In addition to charter fishing, the home construction industry will likely be affected by raising the taxable sales limit to $12,000. (Flickr photo/David W. Hogg)

The taxable limit for retail sales in Sitka will be going up this fall — and a hike in electric rates could come much sooner.

The Sitka assembly advanced a pair of measures to close the city’s budget gap, during its regular meeting Tuesday night (2-14-17).

Downloadable audio.

The taxable limit for retail sales — often called the “sales tax cap” — has long been considered an untapped source of revenue for Sitka. In fact, it was only two years ago, in May 2015, that the assembly raised the cap to $3,000 from it’s long-time plateau of $1,500.
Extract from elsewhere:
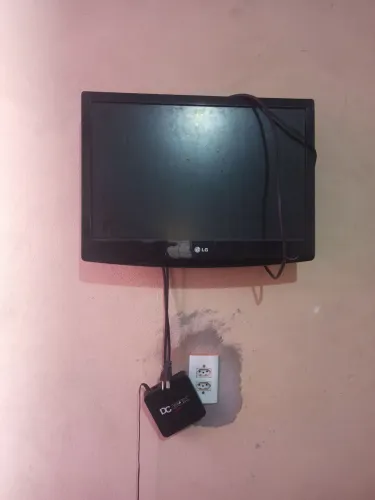 Vendo Monitor LG com conversor para TV
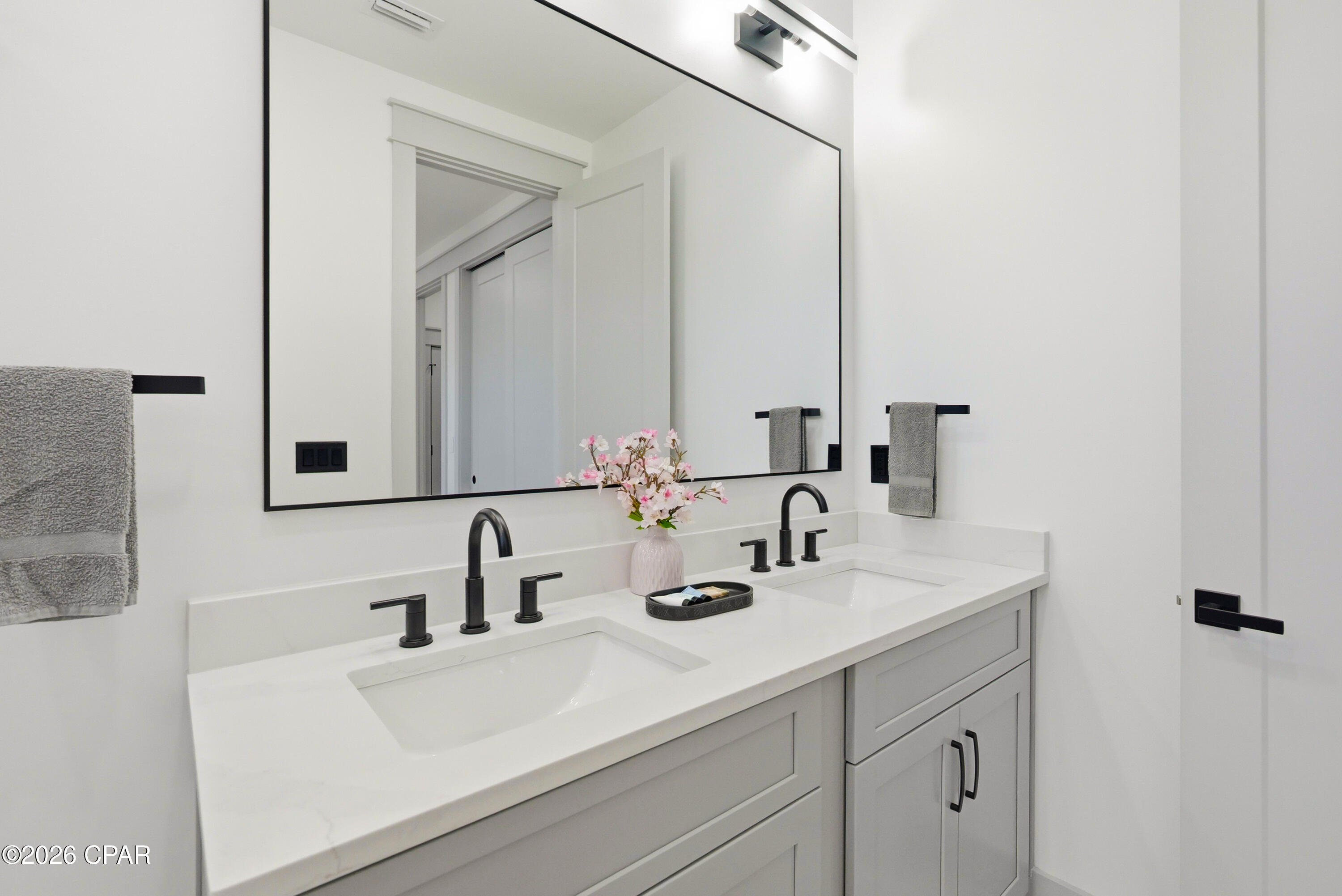 Listing photo id 71 for 5237 Thomas Drive A&b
This time the proposal was to raise the taxable limit to $12,000, and the assembly felt it was on solid footing. Member Bob Potrzuski sponsored the ordinance with Mayor Matt Hunter.
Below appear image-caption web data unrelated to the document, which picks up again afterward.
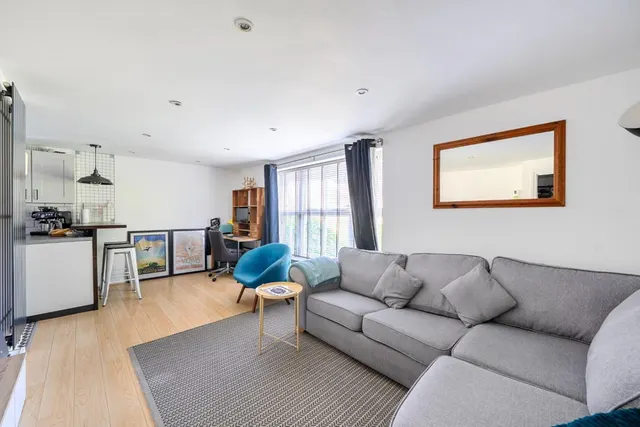 Mapeshill Place, Willesden Green, NW2, photo 3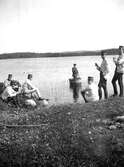 Militärer vid sjö, 1900-1910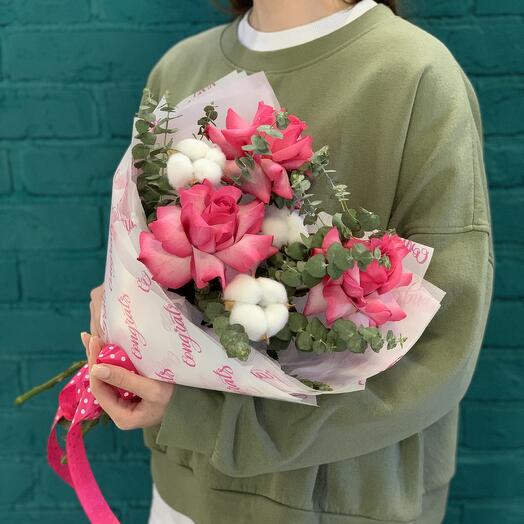 Ramo de rosas francesas y algodón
Potrzuski suggested that the ordinance was more conservative than it could have been.

“This doesn’t exist anywhere else, except in Juneau, which is where I stole the $12,000 idea from. In Ketchikan they’re not having this discussion. There is no cap. They’re paying full freight.”

Member Aaron Bean proposed lifting the cap completely when the ordinance was first introduced in January. Other members thought that it would harm the housing industry, and his motion died for lack of a second.
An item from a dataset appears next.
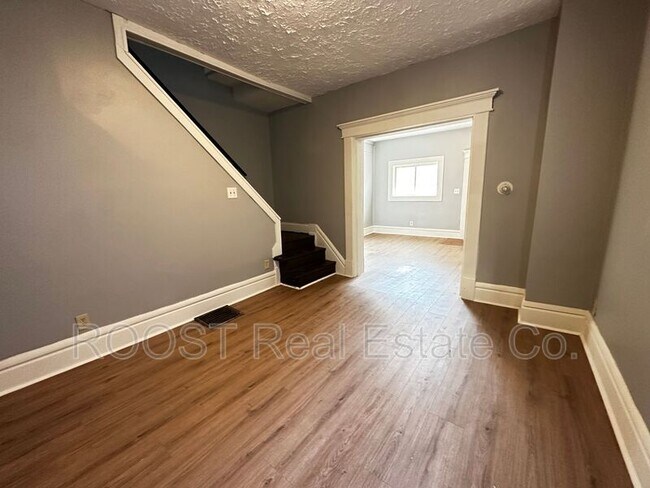 Building Photo - 97 Whitethorne Ave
But while Bean supported lifting the limit to $12,000 on this second reading, he also wanted to build in an exemption for charter fishermen like himself who have taken deposits now for excursions that will occur in 2018 — after the higher tax limit is in effect. He proposed an amendment tweaking the ordinance language.

“This ordinance shall become effective October 1, 2017. All sales made prior to October 1, 2017, are subject to the $3,000 tax cap, even if services are rendered after October 1, 2017.”

Steven Eisenbeisz, who owns a downtown retail store, wanted to know how the amendment would affect other sectors besides the charter fleet. He thought the language might open a loophole.

“If this passes, I’m calling my landlords tomorrow morning and renegotiating a 10-year lease at this lower sales tax, because it would save me a bunch of money.”

Bean’s amendment failed, and the main motion passed as written 6-1 with Bean opposed. The new taxable sales limit goes into effect October 1.

The municipal administration hopes that raising the cap could generate over $1 million in revenue, and significantly reduce the anticipated deficit in the General Fund next year.

But the city is also looking to Sitkans to close a $2.2-million dollar shortfall in the Electric Fund — by paying higher rates for electricity.

Utility director Bryan Bertacchi outlined a proposal for raising overall electric rates in Sitka by 15 percent — from $.14 per kilowatt hour to $.16.

Although it sounds like a couple of pennies, Bertacchi didn’t try to conceal the impact on individuals and households. The demographics tell their own story.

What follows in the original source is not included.